48. The President shall be entitled to propose the dissolution of the Saeima. Following this proposal, a national referendum shall be held. If in the referendum more than half of the votes are cast in favour of dissolution, the Saeima shall be considered dissolved, new elections called, and such elections held no later than two months after the date of the dissolution of the Saeima.
49. If the Saeima has been dissolved, the mandate of the members of the Saeima shall continue in effect until the newly elected Saeima has convened, but the dissolved Saeima may only hold sittings at the request of the President.

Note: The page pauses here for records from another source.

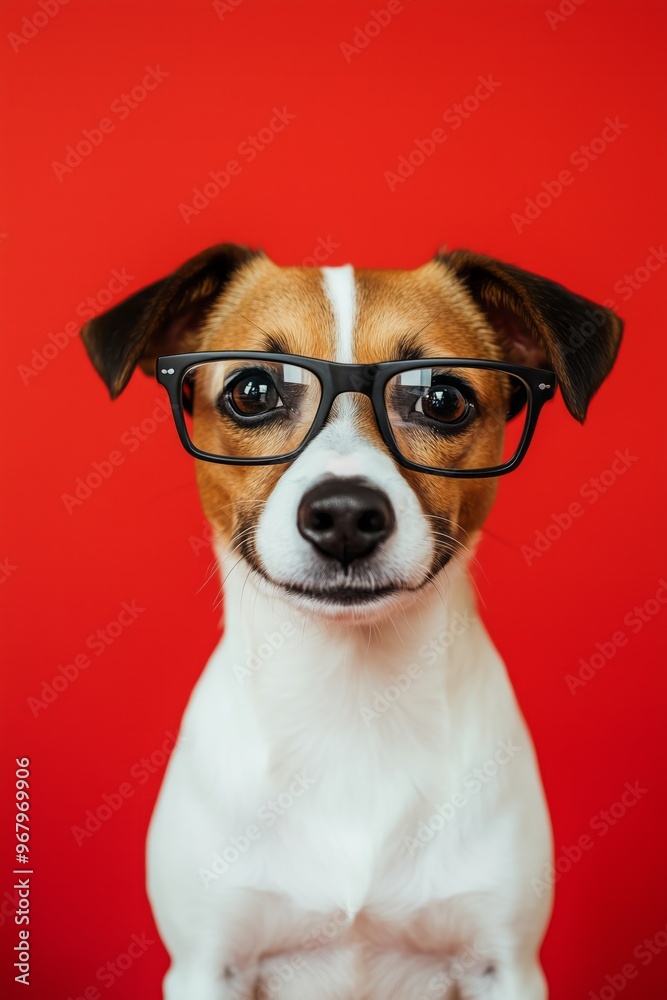 Cute funny dog wearing glasses, set against a solid color background. Intellectual look, perfect for pet-themed designs and concepts. Cute funny dog wearing glasses, set against a solid color background. Intellectual look, perfect for pet-themed designs and concepts.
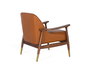 GINER Y COLOMER Fauteuil moderne en bois et cuir synthétique brun avec détails Dora2 - Accoudoirs courbes, pieds coniques dorés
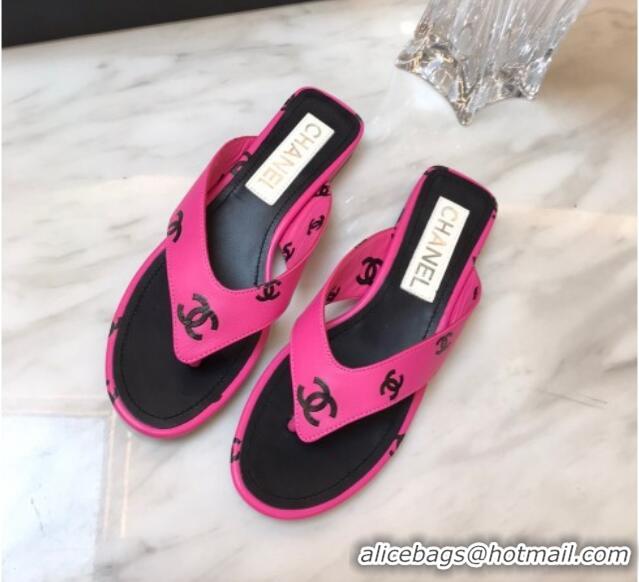 Most Popular Chanel CC Printed Lambskin Thong Sandals G38978 Dark Pink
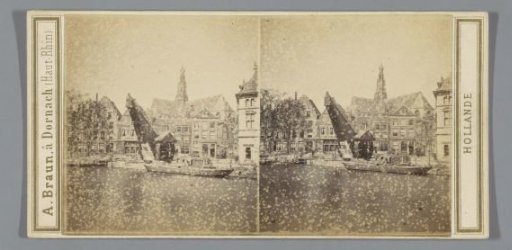 View of the Spaarne in Haarlem. In the distance the St. Bavo's Church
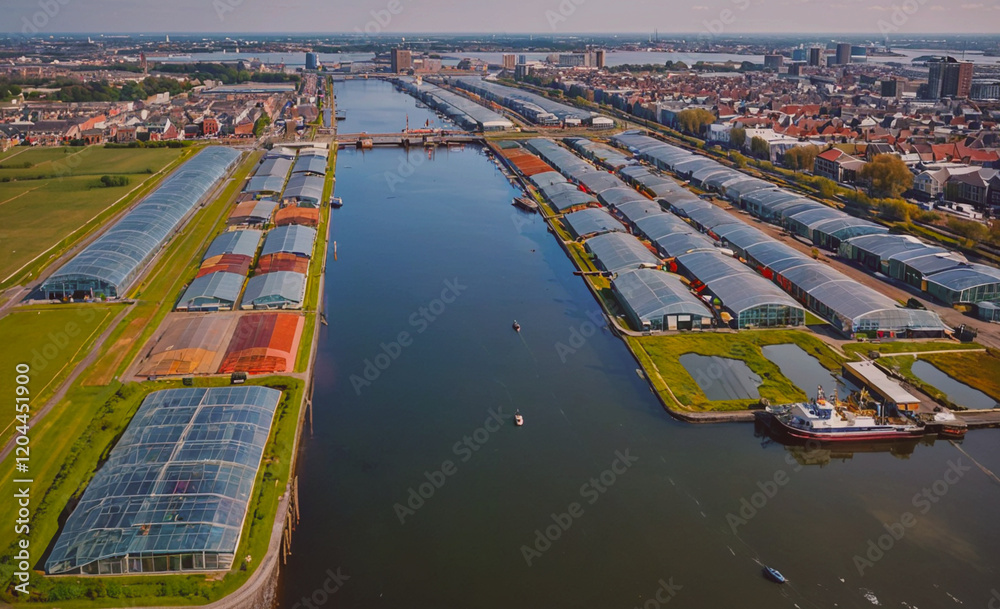 Aufkleber a city with a river running through it and a large building with a red roof. the buildings are tall 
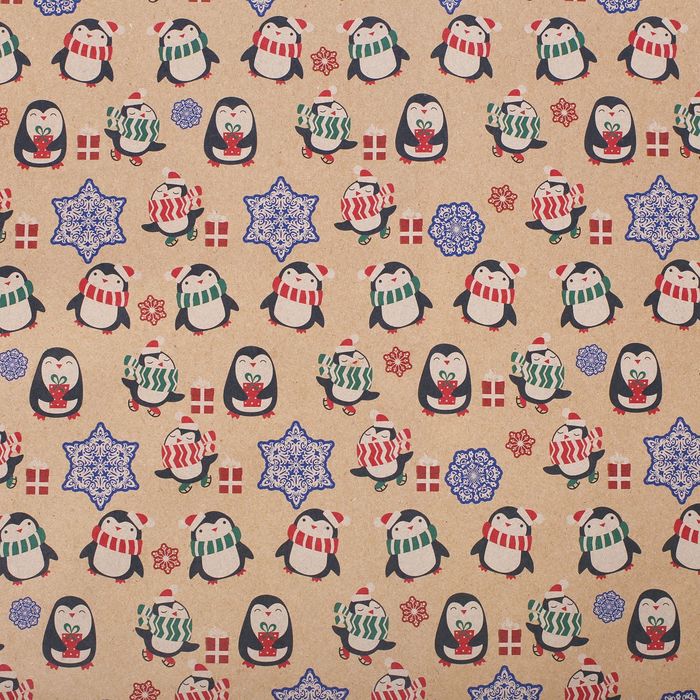 Бумага упаковочная крафтовая «Пингвинчик», 50 × 70 см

The agenda of such sittings shall be determined by the President.
50. If in the referendum more than half of the votes are cast against the dissolution of the Saeima, then the President shall be deemed to be removed from office, and the Saeima shall elect a new President to serve for the remaining term of office of the President so removed.[1]

Since 2009, Article 14 also foresees the right for the citizens without involvement of president:

14. Not less than one tenth of electors has the right to initiate a national referendum regarding recalling of the Saeima. If the majority of voters and at least two thirds of the number of the voters who participated in the last elections of the Saeima vote in the national referendum regarding recalling of the Saeima, then the Saeima shall be deemed recalled. The right to initiate a national referendum regarding recalling of the Saeima may not be exercised one year after the convening of the Saeima and one year before the end of the term of office of the Saeima, during the last six months of the term of office of the President, as well as earlier than six months after the previous national referendum regarding recalling of the Saeima.
The electors may not recall any individual member of the Saeima.[2]

Thus, the Constitution establishes one of the possible procedures to resolve a political crisis in a parliamentary republic by entitling the President, an otherwise largely ceremonial figure, to initiate the dissolution of parliament, but at the potential cost of his own office, should his initiative be rejected by popular vote.

This constitutional power was used for the first time in the history of the Latvian state by the President, Valdis Zatlers, on May 28, 2011.[3] This move was in response to the parliament's refusal to sanction a search at the home of Ainārs Šlesers, a Saeima member and former Cabinet minister.[4] The referendum on the dissolution of parliament has to take place no later than two months time after the President's decree. On May 30 the Central Election Commission resolved that the vote will take place on July 23, 2011.[5]

Previously, following the riots in Riga on January 13, 2009, President Zatlers promised to dissolve the Saeima unless it adopted amendments to the Constitution providing for the possibility of dissolving it by popular vote.[6] These amendments were adopted by the Saeima on April 8, 2009,[7] but on April 1, 2009, the President decided not to dissolve parliament.[8]

The Latvian parliament, the Saeima, was also dissolved unconstitutionally on May 15, 1934 following a bloodless coup organized by then-Prime Minister Kārlis Ulmanis. The Cabinet declared a military state of emergency and suspended the activity of all parties which effectively put a ban on the work of the Saeima.[9] This act was in direct violation of the Constitution and led to the establishment of an authoritarian regime.